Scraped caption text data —
_____
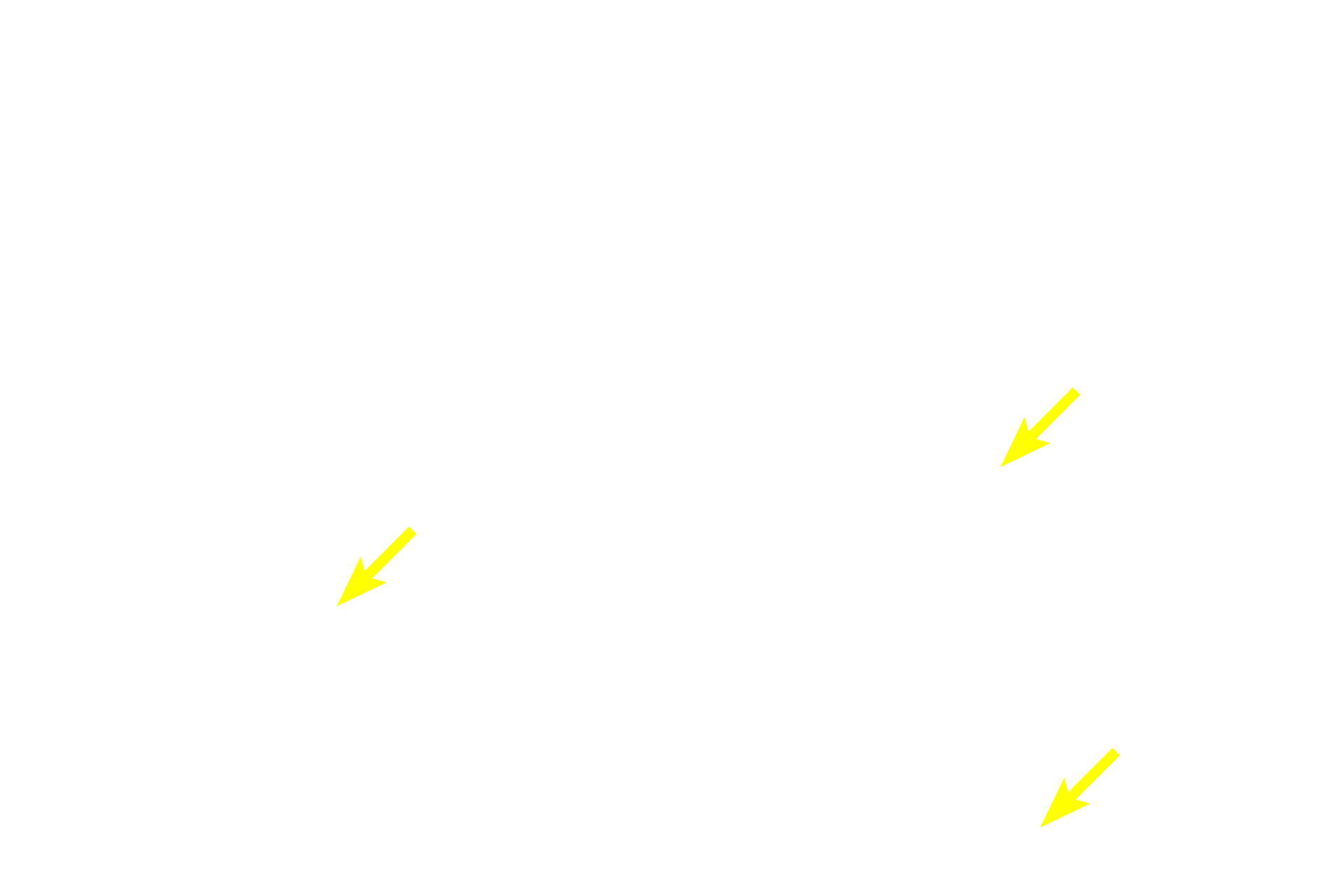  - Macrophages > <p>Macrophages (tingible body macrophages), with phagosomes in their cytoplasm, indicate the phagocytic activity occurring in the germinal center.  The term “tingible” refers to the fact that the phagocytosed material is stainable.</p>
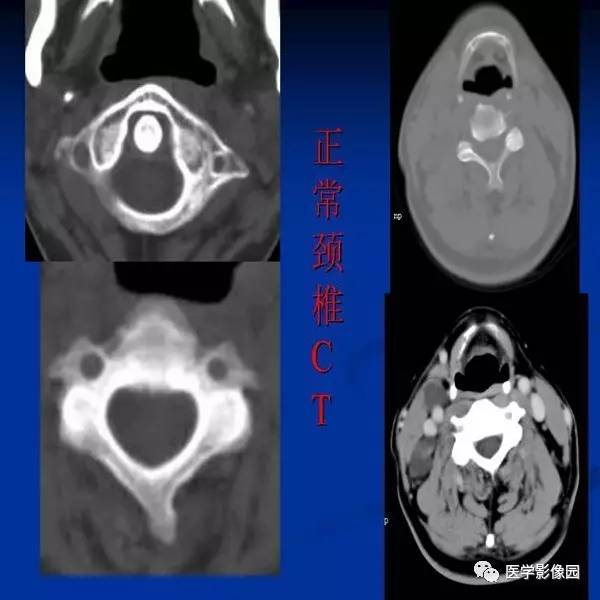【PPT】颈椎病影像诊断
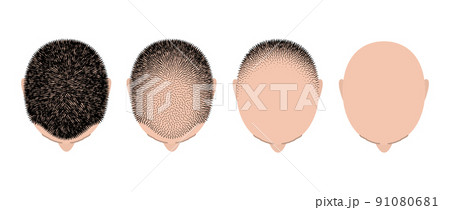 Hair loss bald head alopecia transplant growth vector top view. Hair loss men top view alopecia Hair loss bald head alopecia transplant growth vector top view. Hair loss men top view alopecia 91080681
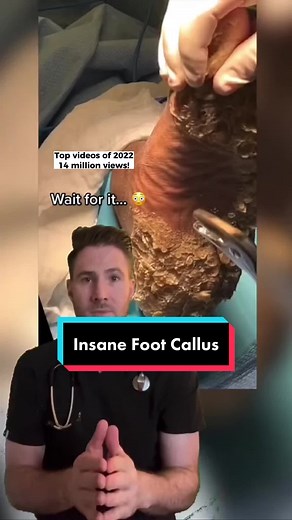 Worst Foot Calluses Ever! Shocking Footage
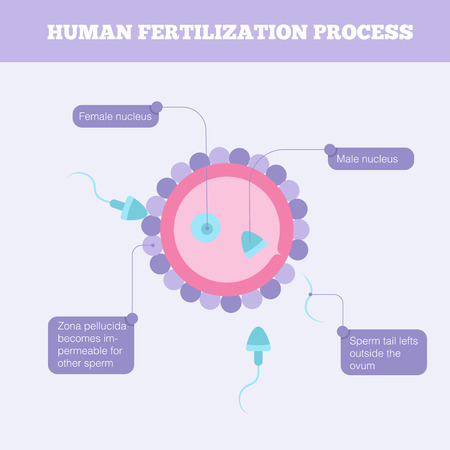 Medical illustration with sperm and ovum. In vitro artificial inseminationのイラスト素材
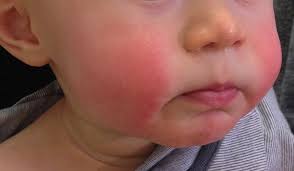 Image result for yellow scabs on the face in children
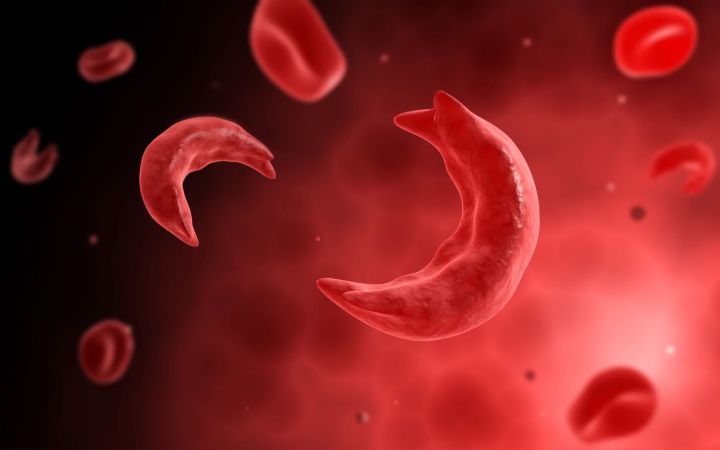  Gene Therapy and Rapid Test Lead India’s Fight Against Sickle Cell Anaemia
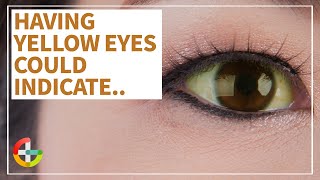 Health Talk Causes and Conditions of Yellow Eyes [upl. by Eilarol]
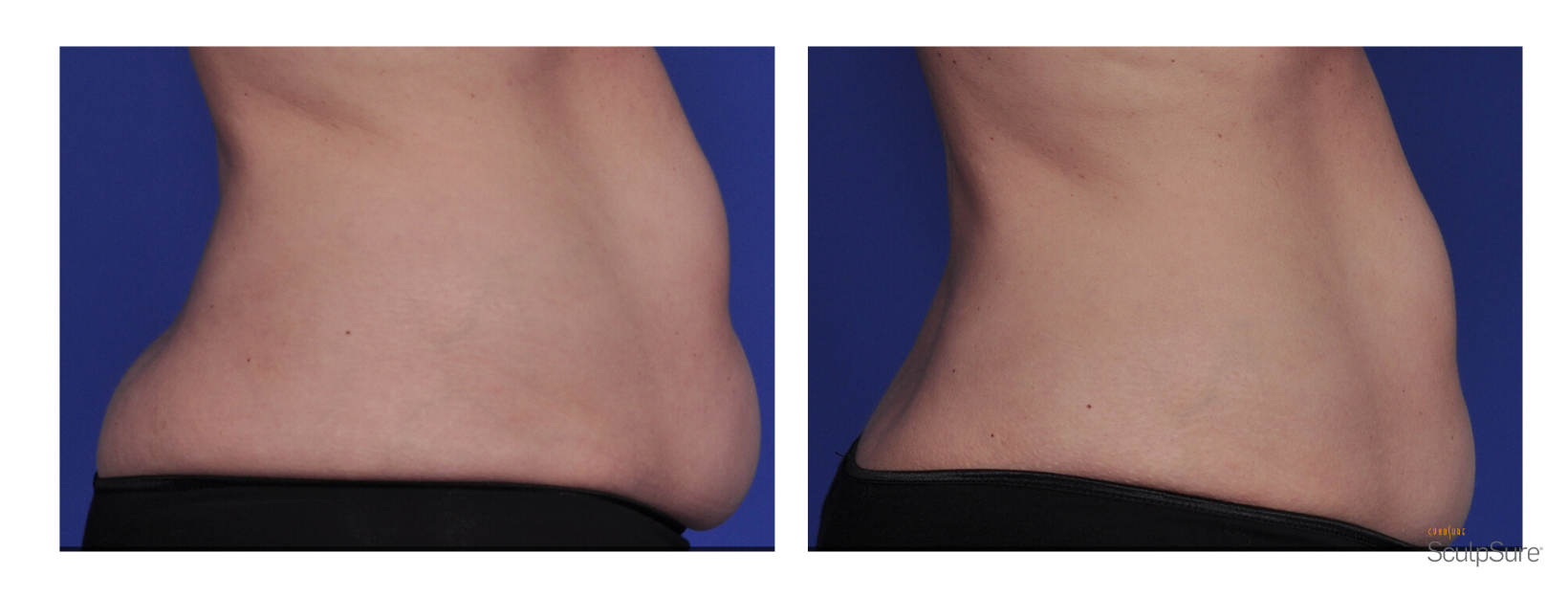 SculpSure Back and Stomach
_____
Problem — All of the data above needs to be given again exactly. Leave out each image.

Output for this task —
  - Macrophages > <p>Macrophages (tingible body macrophages), with phagosomes in their cytoplasm, indicate the phagocytic activity occurring in the germinal center.  The term “tingible” refers to the fact that the phagocytosed material is stainable.</p>
【PPT】颈椎病影像诊断
 Hair loss bald head alopecia transplant growth vector top view. Hair loss men top view alopecia Hair loss bald head alopecia transplant growth vector top view. Hair loss men top view alopecia 91080681
 Worst Foot Calluses Ever! Shocking Footage
 Medical illustration with sperm and ovum. In vitro artificial inseminationのイラスト素材
 Image result for yellow scabs on the face in children
  Gene Therapy and Rapid Test Lead India’s Fight Against Sickle Cell Anaemia
 Health Talk Causes and Conditions of Yellow Eyes [upl. by Eilarol]
 SculpSure Back and Stomach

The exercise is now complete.